> _Exercise brief_: Extract, verbatim, all lines starting at the one containing "DOLCE&GABBANA Темно-синие хлопковые" and ending with the final line of the listing, and no others.
= Beginning of Section =
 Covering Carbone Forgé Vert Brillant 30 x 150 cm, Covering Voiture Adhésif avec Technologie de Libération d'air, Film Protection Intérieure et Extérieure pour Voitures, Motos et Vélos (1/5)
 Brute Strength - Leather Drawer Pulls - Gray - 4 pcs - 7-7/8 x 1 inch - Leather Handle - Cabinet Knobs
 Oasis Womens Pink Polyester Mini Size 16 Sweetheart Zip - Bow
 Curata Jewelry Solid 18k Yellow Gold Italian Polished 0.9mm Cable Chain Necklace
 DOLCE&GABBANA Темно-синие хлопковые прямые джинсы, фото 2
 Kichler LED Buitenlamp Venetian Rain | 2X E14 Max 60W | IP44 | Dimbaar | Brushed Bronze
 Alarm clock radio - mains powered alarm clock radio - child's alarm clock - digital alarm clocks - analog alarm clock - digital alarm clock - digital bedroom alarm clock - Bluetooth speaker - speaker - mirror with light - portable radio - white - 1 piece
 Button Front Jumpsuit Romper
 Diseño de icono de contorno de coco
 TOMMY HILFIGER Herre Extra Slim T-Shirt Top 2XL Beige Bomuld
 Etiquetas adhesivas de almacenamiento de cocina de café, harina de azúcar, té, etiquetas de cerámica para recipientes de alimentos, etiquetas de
= End of Section =
> _Your response_:
 DOLCE&GABBANA Темно-синие хлопковые прямые джинсы, фото 2
 Kichler LED Buitenlamp Venetian Rain | 2X E14 Max 60W | IP44 | Dimbaar | Brushed Bronze
 Alarm clock radio - mains powered alarm clock radio - child's alarm clock - digital alarm clocks - analog alarm clock - digital alarm clock - digital bedroom alarm clock - Bluetooth speaker - speaker - mirror with light - portable radio - white - 1 piece
 Button Front Jumpsuit Romper
 Diseño de icono de contorno de coco
 TOMMY HILFIGER Herre Extra Slim T-Shirt Top 2XL Beige Bomuld
 Etiquetas adhesivas de almacenamiento de cocina de café, harina de azúcar, té, etiquetas de cerámica para recipientes de alimentos, etiquetas de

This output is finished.